— TASK DIRECTIONS —
From the data underneath, reproduce exactly the stretch that begins at the line with "A jewellery box and costume jewellery" and ends after the line with "Miniatura 2 de".

GIVEN DATA Block Start

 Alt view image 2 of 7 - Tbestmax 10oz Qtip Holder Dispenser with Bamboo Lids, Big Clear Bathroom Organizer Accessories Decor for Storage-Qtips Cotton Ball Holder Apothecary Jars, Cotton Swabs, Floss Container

GIVEN DATA Block End
GIVEN DATA Block Start

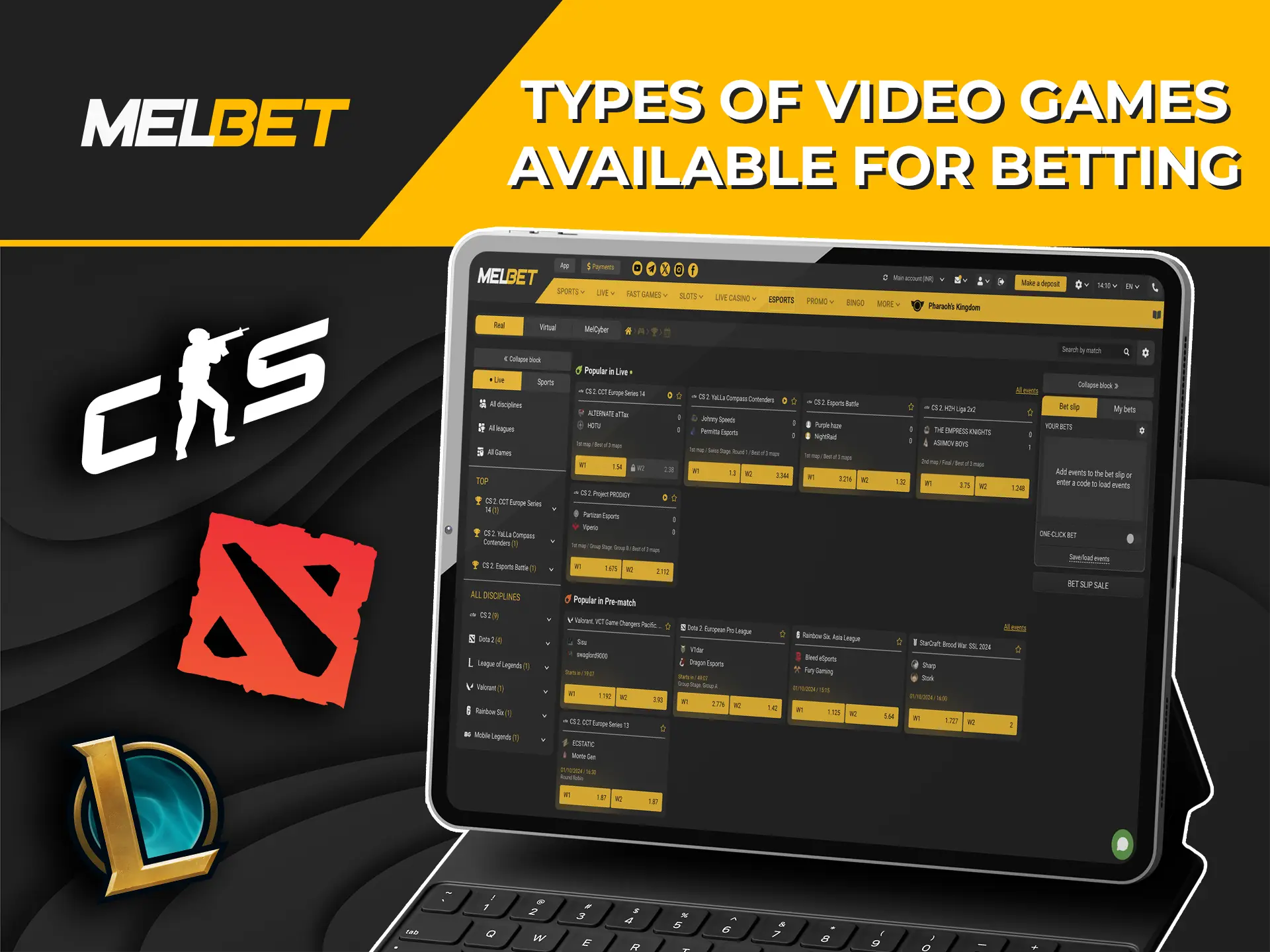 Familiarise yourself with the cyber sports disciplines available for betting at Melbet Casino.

GIVEN DATA Block End
GIVEN DATA Block Start

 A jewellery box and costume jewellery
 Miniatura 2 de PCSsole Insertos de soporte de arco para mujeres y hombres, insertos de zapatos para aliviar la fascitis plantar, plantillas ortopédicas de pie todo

GIVEN DATA Block End

— ANSWER SECTION —
 A jewellery box and costume jewellery
 Miniatura 2 de PCSsole Insertos de soporte de arco para mujeres y hombres, insertos de zapatos para aliviar la fascitis plantar, plantillas ortopédicas de pie todo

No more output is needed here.